Because Perlfect Search works out-of-the-box and can still be adapted to your needs easily. The indexing and the search script together consist of just over 1400 lines of documented Perl source code. That's not much for a search engine and it lets you make your own modifications without much hassle.

How much does it cost?

Nothing. It is free, open source software under the terms of the GNU General Public Licence.

How many pages can it handle?

The latest version of Perlfect Search (v3.31) is capable of indexing sites with 2,000+ documents easily. There's a limit at 65,535 files which can be worked around if necessary.
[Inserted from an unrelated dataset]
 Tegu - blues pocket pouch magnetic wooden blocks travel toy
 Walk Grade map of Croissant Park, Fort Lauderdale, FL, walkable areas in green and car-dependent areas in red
The more pages you have, the more memory indexing will need. This is sometimes a problem for people whose webspace provider doesn't allow scripts to use much memory. You might get a "out of memory" error or the indexer.pl script might just stop before it finishes. In this case, you should talk to your webspace provider - it is not a bug in Perlfect Search and there's no simple way to "optimize" its memory usage without other drawbacks (the only case that can still be optimzed is the indexing of very large files). With some webspace providers CPU usage is a problem, too. If the indexer.pl script gets killed because it uses too much CPU time (i.e. it runs for too long), it's not a bug in Perlfect Search either and you'll have to contact your webspace provider.
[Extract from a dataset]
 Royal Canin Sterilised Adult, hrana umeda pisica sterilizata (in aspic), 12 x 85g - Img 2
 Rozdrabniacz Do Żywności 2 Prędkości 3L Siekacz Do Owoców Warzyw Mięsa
The speed of searching is always very fast even for very large sites. In general, the performance of version 3.31 is more than enough for all but the most demanding sites.

How does it work?

It uses Berkeley DB, which is some sort of lightweight database. There are several 'tables', each consisting of a key/value pair. Each document has an ID, which enables you to get the URL, title and description of that document. There's a 'table' with all terms, it carries the information in which documents each term occurs. This 'table' makes searching very fast. You can find out more at our developer page. Also note that the application is published as Open Source so you can have look at the internals of the program yourself.
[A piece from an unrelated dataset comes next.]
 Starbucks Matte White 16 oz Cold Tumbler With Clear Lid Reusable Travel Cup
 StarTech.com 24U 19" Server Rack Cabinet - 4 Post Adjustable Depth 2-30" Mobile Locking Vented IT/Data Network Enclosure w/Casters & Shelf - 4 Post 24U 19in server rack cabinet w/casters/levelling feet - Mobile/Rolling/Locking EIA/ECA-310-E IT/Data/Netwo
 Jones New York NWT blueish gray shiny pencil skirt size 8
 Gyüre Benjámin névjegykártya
What platforms can it be installed on?

It has been tested and known to work on Linux and Windows. We expect that it should work on any UNIX variant that can run the perl interpreter.

Are there any special requirements?

You need to have Perl installed on the server's system and Perl's DB_File module. Depending on the way you index your pages, you might also needs some other modules (see the README file). You also need the right to install your own CGI scripts on your server.

Can I index pages that are generated dynamically by PHP/JSP/Perl etc?

Yes, just set $HTTP_START_URL in conf.pl to the URL where crawling should start. Note that you need some Perl modules as described in the README file and read the next question and this question.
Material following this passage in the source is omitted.